Robin Smith posted Where Are My Wages Going on his blog and What Exactly is the Wealth Divide on the Finance Lab. He offers the following simple image and statement, worth considering and questioning.
He says: There is no mystery as to the root cause of poverty. Both the Private State and the Welfare State are robbing us. And giving it all away to landowners and banks.
Robin,
I’d be interested in what else you’ve done. I think the valid point you’re making is that there is indeed a long term systemic trend of more and more future income being paid to people who saved past income. I’ve made what I think are definitive models of why that arises, and what to do about it since the early 80’s.
That’s when my family friend Ken Boulding pointed out to me how Keynes had found basically the same problem and necessary correction for it I had. I’ve continued working on it and the reasons people find it hard to understand, as very simple as it is, really.
The economy operates in a physical world, that’s the problem. In nature energy accounts always balance, invariably. Our economic accounting practice is for energy use credits to endlessly multiply. So…. the systems people set up for that work only temporarily, but then become distorted and fail because we don’t yet know how to recognize the source and corrections of strain in environmental systems.

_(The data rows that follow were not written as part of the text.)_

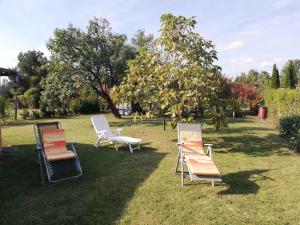 Vonkajšia záhrada v ubytovaní Holiday home in Balatonfenyves 38430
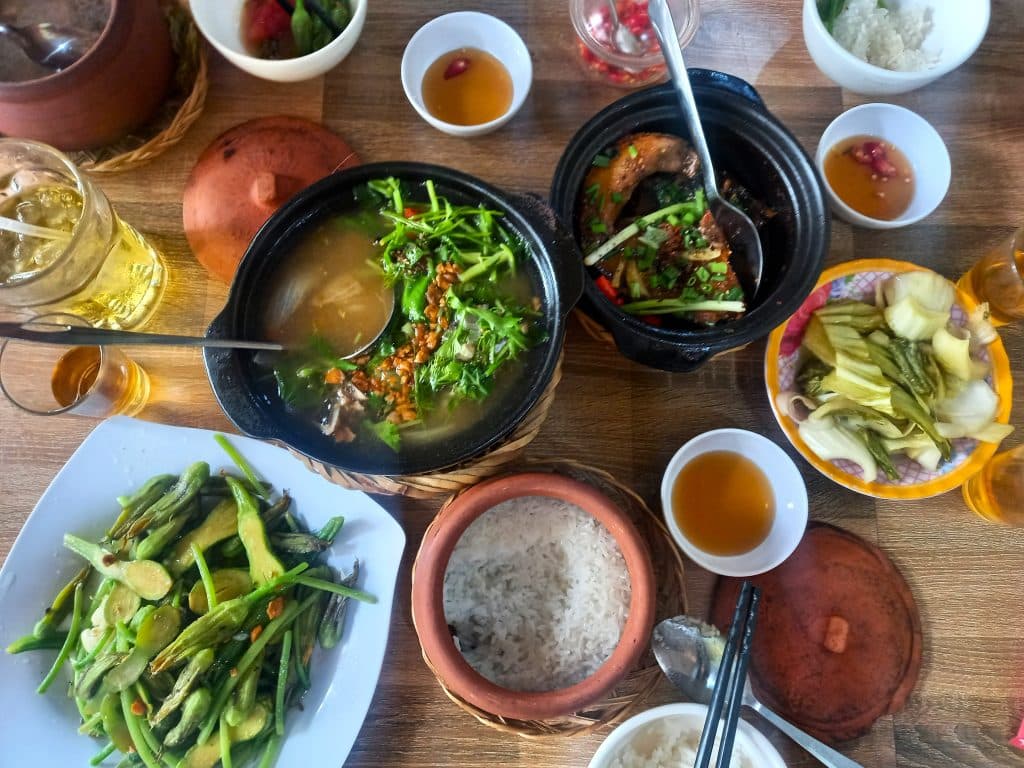 Cơm niêu, Con Dao, Vietnam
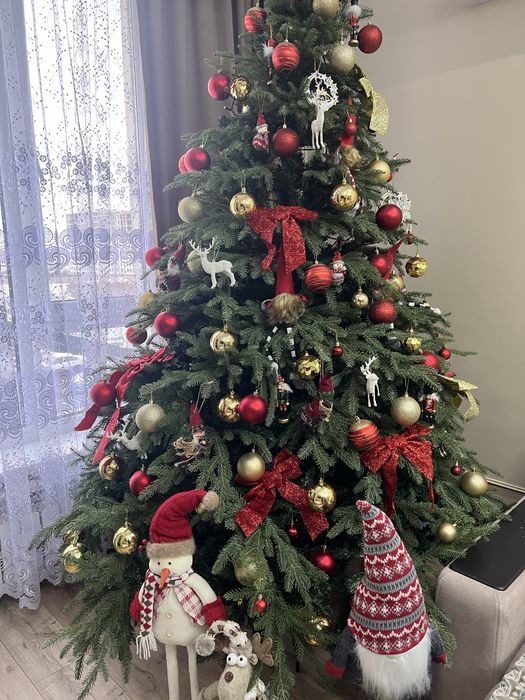 Продается ёлка с игрушками, 2,4 м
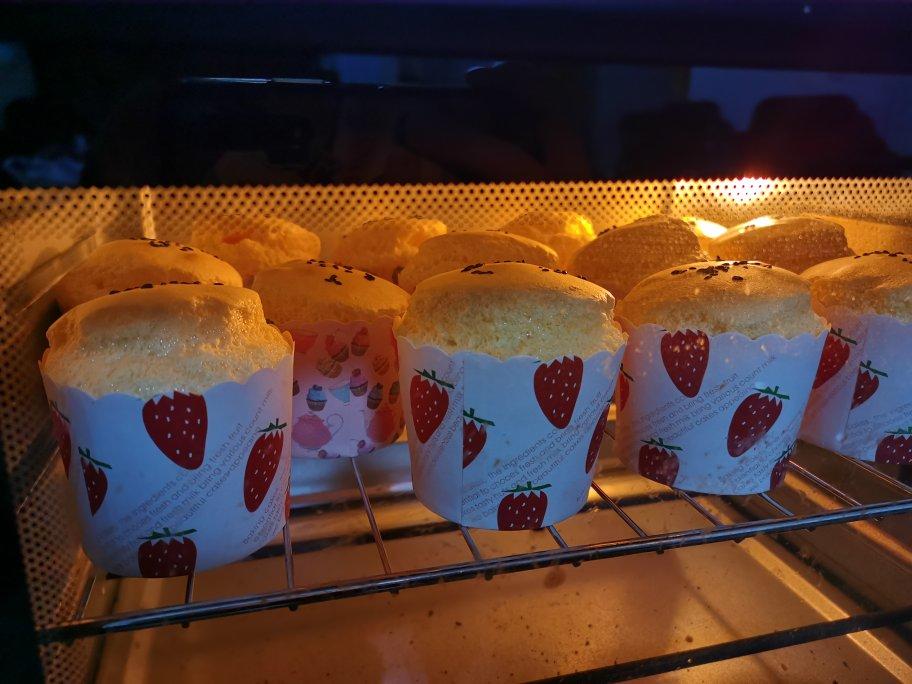 不回缩杯子蛋糕cupcake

The way to balance the system includes having people who earn credit for retaining credit from the past be given permission to use those earnings to further add to their credit only when it doesn’t strain the whole environment. That returns our free market financial economy to a circular accounting model, like nature’s systems. As strains to produce more are kept within levels of comfort, investor earnings are kept high by no longer adding to investment earnings to their credit, and so in total, taking out only as much credit for energy use as they put back in.
That’s it in a nutshell. For my writings on it you might site search [site:www.synapse9.com keynes] which will grab the various things people have shown more interest in.
The core dilemma, and why it’s hard for people to discuss, is that understanding it requires discussing the organization of living systems, and science didn’t develop a language for that yet. Science still tries to represent living systems with equations, i.e. as controlled relations between numerical variables. Economies,and lots of other things, are organizations of actively learning parts, however. Representing them with formulas, as following rules other than their own processes of learning and discovery creates a LOT of misinformation about them… you could say.